• [EXERCISE DESCRIPTION]
Examine the records below and count how many lines contain the string "Women". Give only the number.

• [RECORDS PROVIDED]
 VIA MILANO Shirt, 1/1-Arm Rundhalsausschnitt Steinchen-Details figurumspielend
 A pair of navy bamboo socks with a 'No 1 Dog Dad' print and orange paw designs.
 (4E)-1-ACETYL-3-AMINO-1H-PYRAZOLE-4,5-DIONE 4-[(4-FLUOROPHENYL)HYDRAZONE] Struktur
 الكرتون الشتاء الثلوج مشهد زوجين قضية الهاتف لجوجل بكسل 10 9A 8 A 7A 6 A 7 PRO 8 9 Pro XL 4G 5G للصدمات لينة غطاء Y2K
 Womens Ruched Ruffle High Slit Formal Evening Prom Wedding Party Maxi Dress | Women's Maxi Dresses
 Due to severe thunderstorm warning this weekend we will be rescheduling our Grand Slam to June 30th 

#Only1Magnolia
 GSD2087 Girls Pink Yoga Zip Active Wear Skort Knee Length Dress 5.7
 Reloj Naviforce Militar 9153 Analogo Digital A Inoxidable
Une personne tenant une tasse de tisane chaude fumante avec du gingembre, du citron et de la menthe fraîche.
...
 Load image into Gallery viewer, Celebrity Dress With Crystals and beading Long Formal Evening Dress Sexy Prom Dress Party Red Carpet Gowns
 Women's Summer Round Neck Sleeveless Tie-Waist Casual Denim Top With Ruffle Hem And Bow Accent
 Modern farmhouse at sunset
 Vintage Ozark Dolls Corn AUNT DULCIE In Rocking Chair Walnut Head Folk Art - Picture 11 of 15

• [PROBLEM SOLUTION]
2